Todos os dias, centenas de brasileiras entram para as estatísticas de casos que são comuns mesmo subnotificados —os de mulheres submetidas a diferentes expressões da violência de gênero.

Especialistas consideram tais episódios hiperendêmicos no país, tomando emprestada a definição aplicada a doenças persistentes e de alta incidência.

São agressões psicológicas, físicas, sexuais, que acontecem também dentro das casas das vítimas, motivadas ou agravadas por sua condição feminina. Algumas delas assim foram descritas nesta Folha com a série de documentários e reportagens Gênero: Feminino.

Há poucos dados, por exemplo, sobre adolescentes e mulheres aliciadas por traficantes para fins de exploração sexual. O medo de retaliação se soma à baixa integração das informações coletadas por diferentes órgãos públicos e à própria dificuldade das vítimas de identificarem esse tipo de violência.

Também é complexo dimensionar o índice de brasileiras envolvidas em casamento infantil (quando uma das partes tem menos de 18 anos, sendo que as meninas são 94% dos registros). Sabe-se que os casos conhecidos colocam o Brasil num vergonhoso quinto lugar no ranking mundial, atrás de Índia, Bangladesh, Nigéria e Etiópia.

A tragédia sanitária provocada pela pandemia contribuiu para isolar parcela importante dessas vítimas, que deixaram a escola e o trabalho presencial, ficaram ainda mais distantes de delegacias e conviveram intensamente com seus agressores dentro de casa.

De acordo com uma pesquisa realizada pelo Fórum Brasileiro de Segurança Pública com o Datafolha, 1 em cada 4 brasileiras diz ter sofrido algum episódio de violência (física, sexual, psicológica ou verbal) no primeiro ano da Covid.

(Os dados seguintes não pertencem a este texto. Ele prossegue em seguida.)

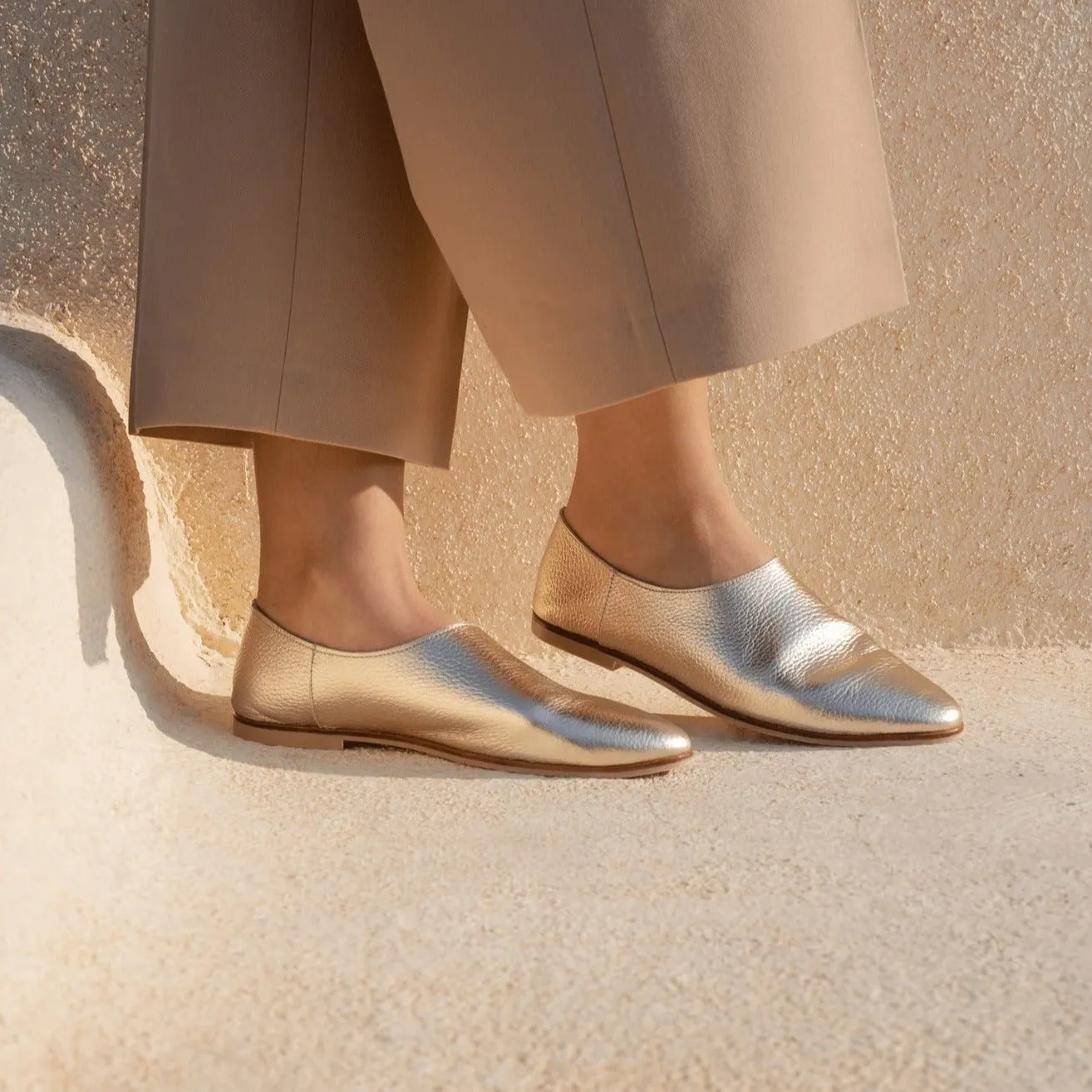 Adeela gold loafer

Ainda assim, os dados mais recentes da entidade mostram uma queda nas ocorrências de agressão doméstica —o que se atribui à maior dificuldade de denunciar.

Por uma articulação de questões sociais e culturais, que fazem com que as meninas sejam consideradas propriedade dos pais, por exemplo, em várias regiões do país muitas vítimas têm dificuldade para enxergar a ilegalidade do que vivem.

Acabam submetidas a violências repetidas e silenciadas, nas mãos de pais, padrastos, maridos, tios, avós, primos, namorados, médicos e desconhecidos. Reconhecer a própria dor na dor de outras é uma saída possível para identificar e denunciar as agressões e tentar alterar esse cenário hostil.